As far as India is concerned, Zimbabwe is remembered as the place where Sourav Ganguly and Greg Chappell embarked upon a rather harmonious captain-coach journey. That was five years ago, and no such drama is expected this time. None of the players from that tour have made the trip this time around. Some, like Irfan Pathan, have taken their personal careers down the Zimbabwe route. Some, like Harbhajan Singh who recently helped Zimbabwe get proper kits, have been rested. It only promises closer contests. India, led by young Suresh Raina who's yet to play a Test, against Zimbabwe, charged by their battery of strangulating spinners, who have everything to gain.

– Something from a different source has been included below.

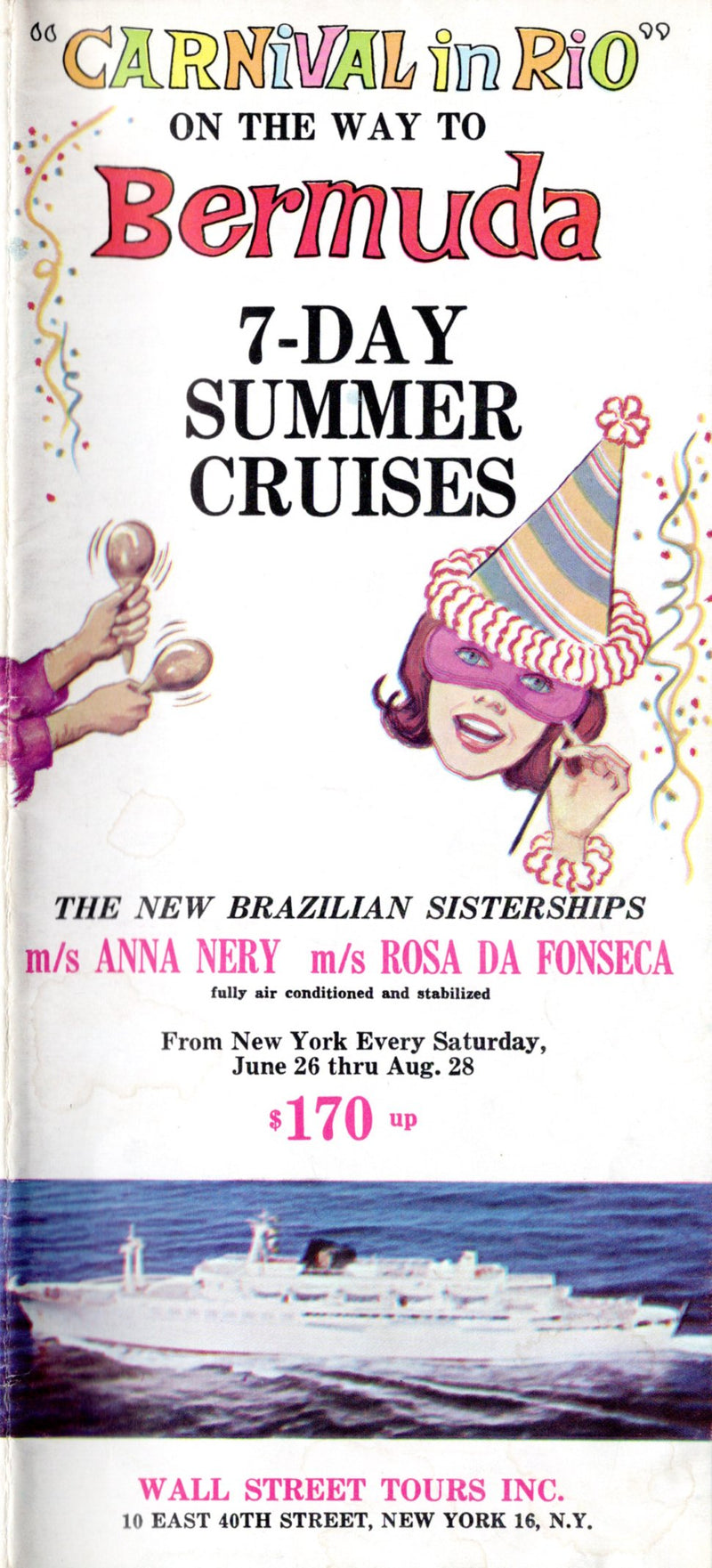 ANNA NERY & ROSA DA FONSECA: 1962 - Cruise brochure for 1965 NY to Bermuda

Form guide (most recent first)
Zimbabwe LLLLW India LWWLW
Watch out for...
Weeks after the coach Alan Butcher raised a mild disciplinary question about him, Elton Chigumbura finds himself leading the side, following Utseya's resignation. He is one of the most cleanest hitters in the side, and he now has a very important responsibility.
Raina is an unlikely captain too, keeping the seat warm for a resting MS Dhoni. He promises a more eager, energetic performance from the young side he is leading, something his own play does too.
On the slow and low pitches in the West Indies, Zimbabwe were used to playing a line-up full of spinners, with Chigumbura to bowl some seam-up. Here they could get Chris Mpofu in.
Zimbabwe (possible) 1 Vusi Sibanda, 2 Hamilton Masakadza, 3 Charles Coventry, 4 Brendan Taylor, 5 Tatenda Taibu (wk), 6 Elton Chigumbura (capt.), 7 Andy Blignaut, 8 Greg Lamb, 9 Graeme Cremer/Prosper Utseya, 10 Chris Mpofu, 11 Ray Price.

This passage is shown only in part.